L’état d’urgence antiterroriste, entré dans le droit commun en 2017, se double désormais d’un état d’urgence sanitaire. Sur le fondement de ces textes, le pouvoir administratif peut prendre des mesures exceptionnelles sous le seul contrôle du juge administratif, qui n’est pas un magistrat, car il n’est ni indépendant ni inamovible. Les droits et libertés fondamentaux, dont celle d’aller et de venir, peuvent être fortement restreints, à l’appréciation d’un policier ou d’un gendarme, variable selon l’humeur, le lieu et le moment de la journée.
Cet état d’urgence très restrictif stupéfie nos voisins européens, des pays où l’on fait confiance à des adultes responsables, et où la monarchie est passée de mode.

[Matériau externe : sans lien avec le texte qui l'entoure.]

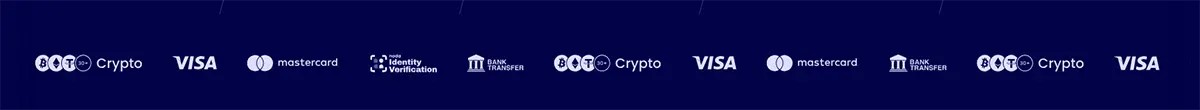 Casino payment options including crypto, Visa, Mastercard, bank transfer, and identity verification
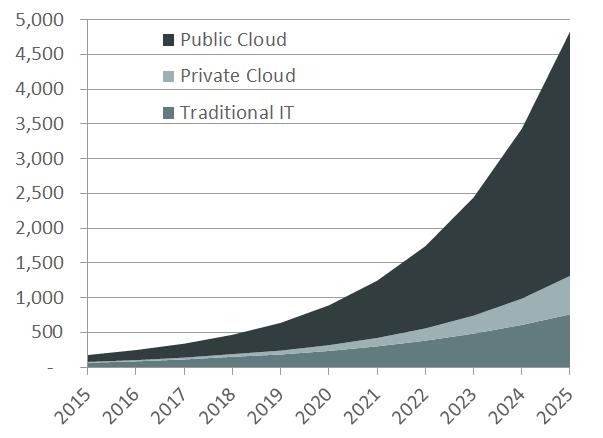 2025 Cloud Market Prediction 클라우드시장예측 4 2025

Car ne nous y trompons pas : l’état d’urgence n’est pas qu’affaire de conjoncture, mais bien de structure. Il est, au fond, consubstantiel à la Ve République depuis 1958. En pleine guerre d’Algérie, c’est un texte exceptionnel qui a été promulgué, pour répondre à des circonstances exceptionnelles ainsi qu’aux vœux d’un homme qui l’était tout autant. Cette Constitution, qui réduit le Parlement à rien, permet à un seul homme de nous tympaniser, tous les cinq ans, avec ses fantasmes immatures : tout petit déjà, il se voyait président, héros de roman et père mystique d’un peuple millénaire. Ces fadaises, certains y croient assez pour vouer leur vie à la conquête et à l’exercice du pouvoir dit «suprême». Rien de cela dans les pays réellement démocratiques, les démocraties parlementaires brocardées en France pour leur inefficience supposée et qui, manifestement, s’en tirent mieux. La catastrophe actuelle est un plaidoyer de plus pour le respect des libertés, du dialogue démocratique et de la dignité des citoyens.